■ **WHAT TO WORK ON**: For this task, output exactly the lines of the material below starting at the line with "TWO VERY FINE" and ending at the line with "May include: A"; pictures are to be excluded.

■ **DATASET RECORDS**:
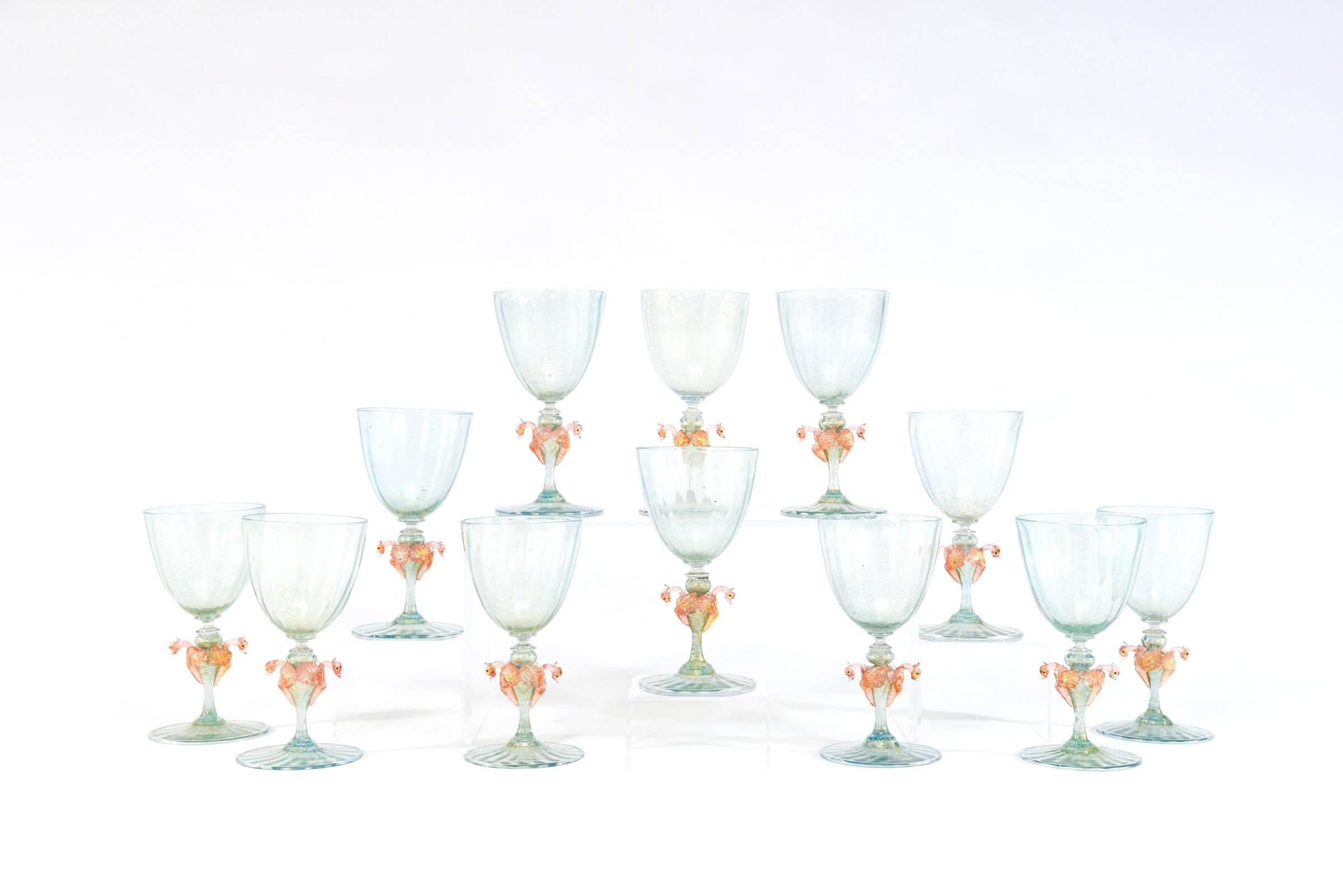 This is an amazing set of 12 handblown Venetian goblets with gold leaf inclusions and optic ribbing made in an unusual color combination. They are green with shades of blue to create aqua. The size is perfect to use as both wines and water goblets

--

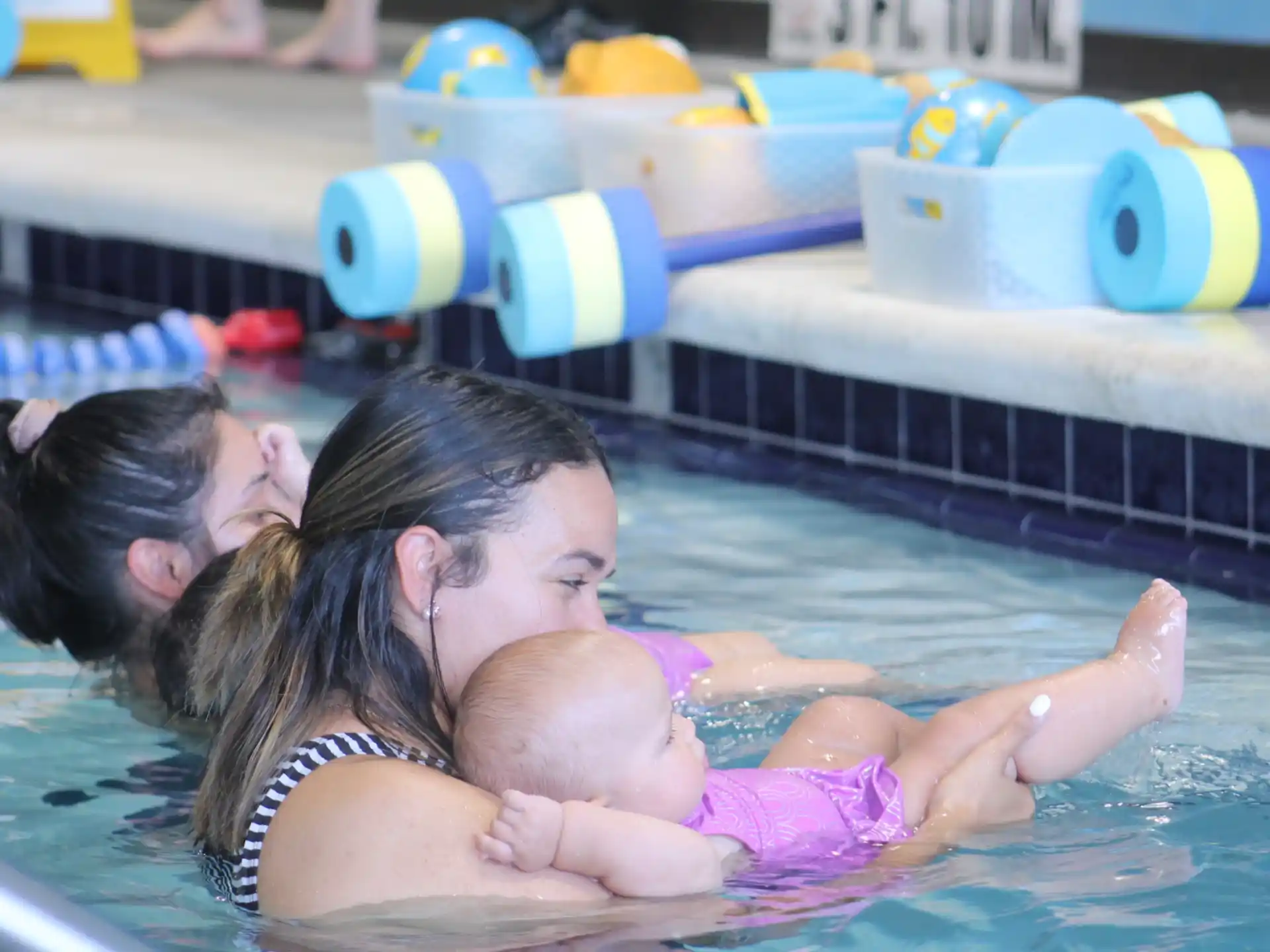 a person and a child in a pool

--

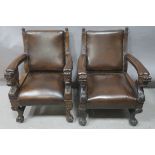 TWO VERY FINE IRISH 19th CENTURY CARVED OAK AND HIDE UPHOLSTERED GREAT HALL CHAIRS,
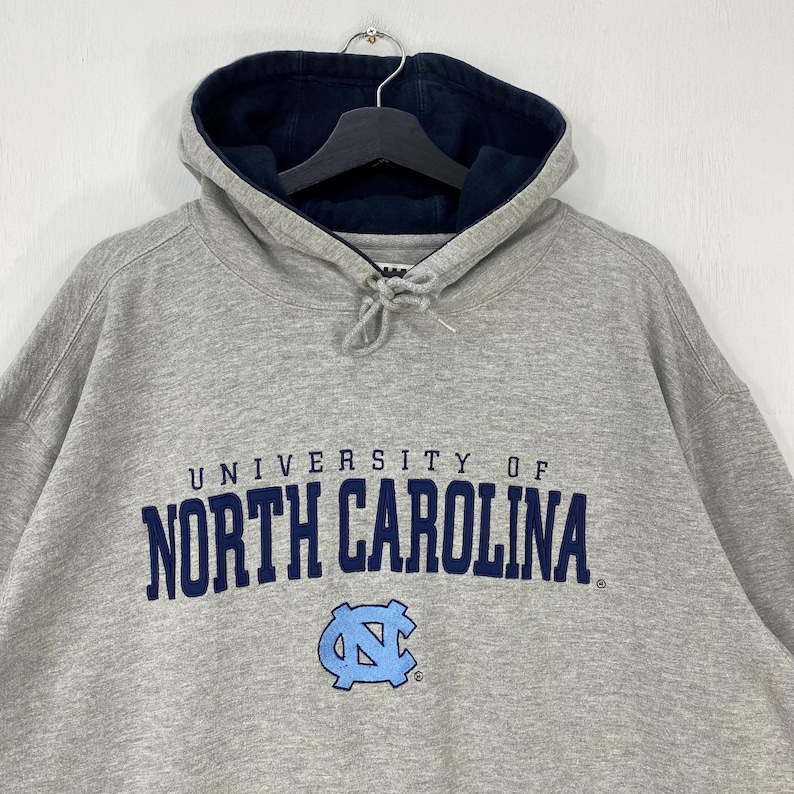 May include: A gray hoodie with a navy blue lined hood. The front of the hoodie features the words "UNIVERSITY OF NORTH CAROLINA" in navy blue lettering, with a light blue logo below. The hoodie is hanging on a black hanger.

■ **TASK RESULT**:
 TWO VERY FINE IRISH 19th CENTURY CARVED OAK AND HIDE UPHOLSTERED GREAT HALL CHAIRS,
 May include: A gray hoodie with a navy blue lined hood. The front of the hoodie features the words "UNIVERSITY OF NORTH CAROLINA" in navy blue lettering, with a light blue logo below. The hoodie is hanging on a black hanger.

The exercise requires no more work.